Tassare gli immobili in questo modo a Padova non credo fosse l’intenzione di
Zanonato. Negli anni in cui l’incremento è stato deciso, gli estimi catastali in alcuni casi,
erano effettivamente inferiori a quelli commerciali e il mercato immobiliare era in costante
crescita. Ma la soluzione, oggi, non è quella ipotizzata da Ivo Rossi, vale a dire obbligare
con decreto governativo chi non l’ha fatto ad aumentare questi estimi raggiungendo il livello
di Padova. La soluzione equa e giusta oggi è ridurre i valori catastali riconosciuti dal
Comune di Padova, portandoli a quelli effettivi di mercato, oggi di molto inferiori. Capita
addirittura che nei rogiti si scrivano valori superiori a quelli effettivamente pagati per
l’acquisto (pagando un surplus di tassa di registro…) per avvicinarsi al valore catastale
ufficiale e non incorrere in spiacevoli accertamenti dell’Agenzia delle Entrate!
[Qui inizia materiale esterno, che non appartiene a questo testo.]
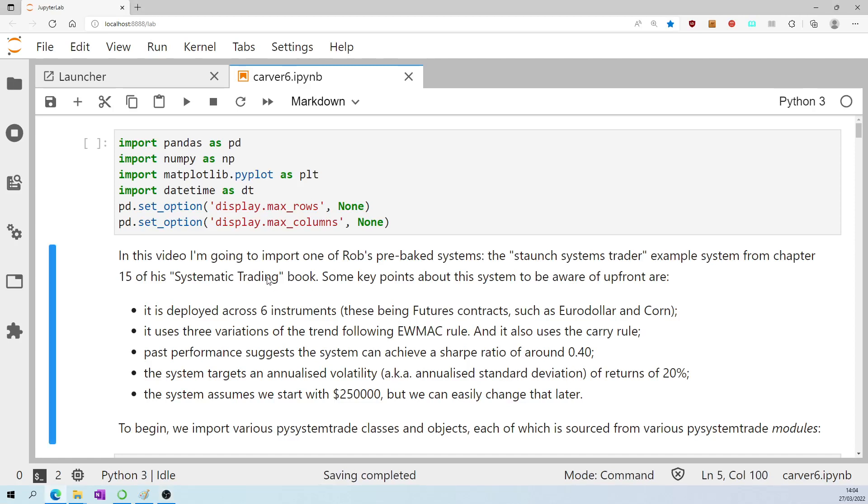In this video, I'm going to import one of Rob's pre-baked systems, the Staunch Systems Trader example system from chapter 15 of his Systematic Trading book.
Vi è poi un’altra osservazione da fare e riguarda la destinazione di questo “tesoretto”
che la fortunata giunta Giordani si trova nuovamente ad avere grazie al grande lavoro fatto
da Bitonci in soli due anni e mezzo di governo della città. Questi soldi devono tornare ai
“legittimi proprietari”! Non possono essere “sprecati” in contributi a pioggia, anche
se nell’anno preelettorale può tornare molto utile. Ovviamente una restituzione fisica
immagino sia impossibile. Ma c’è un investimento importante che la città attende da anni
ed è quello della sicurezza idraulica di molte aree, dal centro alle periferie, che ad ogni
acquazzone vengono invase dall’acqua con danni alle civili abitazioni che nessuna
assicurazione ormai risarcisce. Sarebbe una restituzione collettiva che valorizzerebbe quel
patrimonio da cui il Comune ricava molta ricchezza e ripagherebbe quei cittadini che, per
fortuna, investono ancora nel mercato immobiliare della nostra città contribuendo così alla
sua crescita.
Il Vicepresidente del Consiglio Comunale.